▶ **EXTRACTED MATERIAL**:

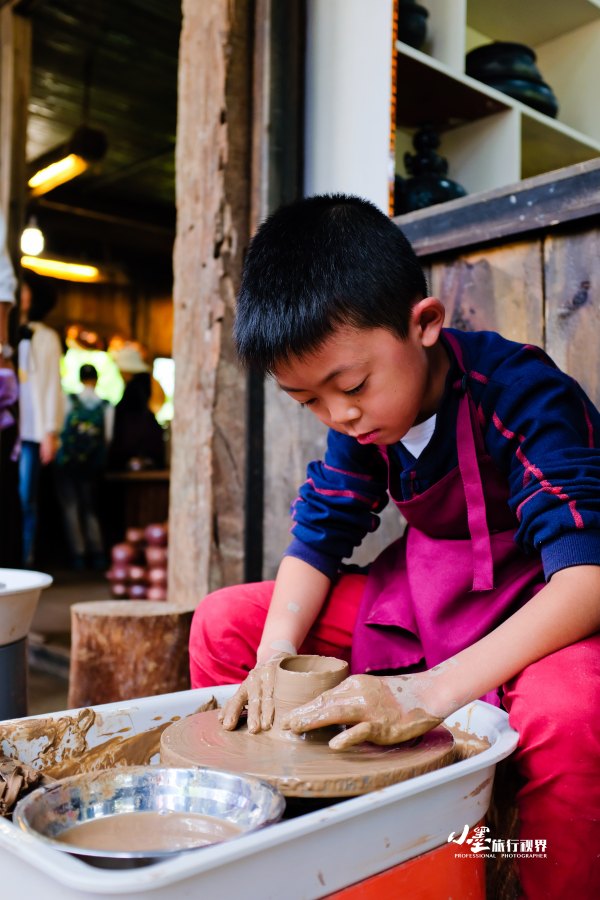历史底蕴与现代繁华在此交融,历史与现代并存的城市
---
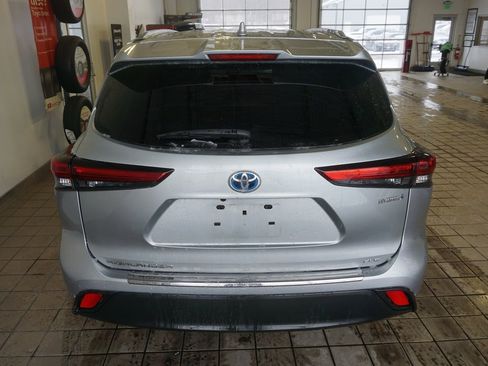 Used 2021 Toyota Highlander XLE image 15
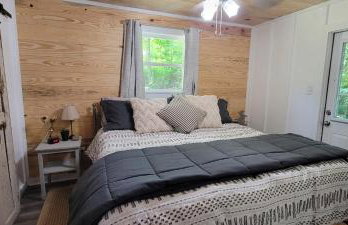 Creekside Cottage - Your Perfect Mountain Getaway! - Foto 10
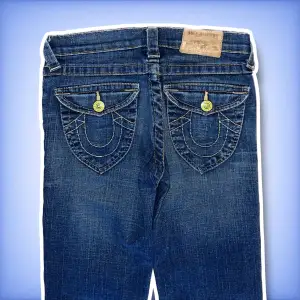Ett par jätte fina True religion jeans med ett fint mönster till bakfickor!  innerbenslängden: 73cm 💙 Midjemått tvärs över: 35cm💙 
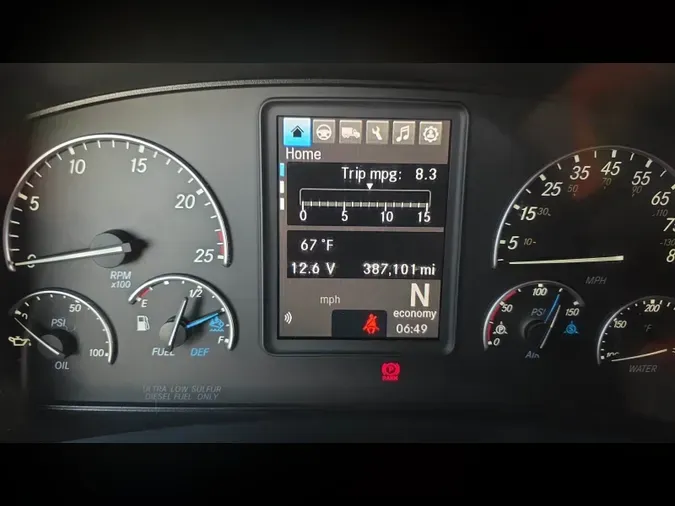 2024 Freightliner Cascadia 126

▶ **WHAT TO DO**: Transcribe only this stretch of the data: the line with "Creekside Cottage - Your", the line with "2024 Freightliner Cascadia 126", and every line in between. Leave out the pictures.

▶ **OUTPUT OF THE EXERCISE**:
 Creekside Cottage - Your Perfect Mountain Getaway! - Foto 10
Ett par jätte fina True religion jeans med ett fint mönster till bakfickor!  innerbenslängden: 73cm 💙 Midjemått tvärs över: 35cm💙 
 2024 Freightliner Cascadia 126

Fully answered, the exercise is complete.